In addition to recently projecting that Florida orange and red grapefruit production will likely decline for the foreseeable future, economist Tom Spreen provided some of the reasons.
OLDER, LESS PRODUCTIVE TREES
Spreen, University of Florida Institute of Food and Agricultural Sciences professor emeritus, cited an older tree inventory and declining fruit per tree as contributors to projected yield declines. He said nearly 57% of round oranges and 70% of red grapefruit trees are more than 14 years old. Since 2010, older trees have had dramatic reductions in the number of boxes each tree produces, he pointed out. In recent years, trees have produced only about 1.5 boxes per tree, down from more than five boxes per tree before HLB.
Older trees “have hit a wall,” Spreen added, noting that older trees are no longer seeing yield gains with increasing age, as they did historically.
LOW REPLANT RATES
Spreen cited “insufficient tree replacement rates” as a leading reason for statewide fruit production shortfalls. A slide he showed indicated the replanting rate for oranges has trailed the tree loss rate in Florida in every year but one since the 1999-2000 season. The exception was the 2017-18 season when replanted trees exceeded lost trees; that was the season Hurricane Irma struck Florida citrus in September 2017.
INCENTIVES NEEDED
A slide Spreen showed suggested that “recovery of production of both round oranges and red grapefruit will be a lengthy process unless a major breakthrough is found that would substantially improve the yield curve and stimulate replanting efforts.”

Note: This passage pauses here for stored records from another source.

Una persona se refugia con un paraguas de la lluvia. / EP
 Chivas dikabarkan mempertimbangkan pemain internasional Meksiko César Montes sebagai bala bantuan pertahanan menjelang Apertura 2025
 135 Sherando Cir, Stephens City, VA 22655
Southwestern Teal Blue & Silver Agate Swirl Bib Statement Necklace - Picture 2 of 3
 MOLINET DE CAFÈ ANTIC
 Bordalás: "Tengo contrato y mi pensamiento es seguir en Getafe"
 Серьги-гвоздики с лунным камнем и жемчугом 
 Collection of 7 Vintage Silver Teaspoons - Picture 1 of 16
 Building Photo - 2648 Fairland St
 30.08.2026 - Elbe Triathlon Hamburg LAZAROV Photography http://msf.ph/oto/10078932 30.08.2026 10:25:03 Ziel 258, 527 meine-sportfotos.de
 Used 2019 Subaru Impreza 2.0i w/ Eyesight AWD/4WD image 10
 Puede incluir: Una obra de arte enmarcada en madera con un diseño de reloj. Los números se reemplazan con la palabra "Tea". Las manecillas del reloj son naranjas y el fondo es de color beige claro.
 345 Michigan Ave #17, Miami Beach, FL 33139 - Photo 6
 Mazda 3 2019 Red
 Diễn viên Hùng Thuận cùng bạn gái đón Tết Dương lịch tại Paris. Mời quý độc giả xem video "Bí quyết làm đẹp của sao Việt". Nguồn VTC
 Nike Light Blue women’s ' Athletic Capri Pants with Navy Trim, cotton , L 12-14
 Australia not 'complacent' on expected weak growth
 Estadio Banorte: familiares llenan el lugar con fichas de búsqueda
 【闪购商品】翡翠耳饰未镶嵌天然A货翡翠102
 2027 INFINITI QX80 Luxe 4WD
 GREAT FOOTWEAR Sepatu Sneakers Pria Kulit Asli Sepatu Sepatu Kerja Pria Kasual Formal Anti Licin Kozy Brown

Incentives to replant are needed to accelerate restoration of the tree inventory, Spreen said. He added that incentives are successful “but must be inclusive for all growers.”
A “concluding remarks” slide stated that “aggressive replanting strategies in the near term are imperative or citrus production will continue to falter and impact the long-term sustainability of the industry.”
GROWERS LOSING MONEY
Florida citrus revenues exceeded production costs in the early 2000s, Spreen said. That was before HLB was discovered in the state in 2005. For the past seven or eight years, the industry in aggregate has suffered losses as production costs exceeded revenues, Spreen said.
Spreen presented this information during an Aug. 10 webinar hosted by the Florida Department of Citrus.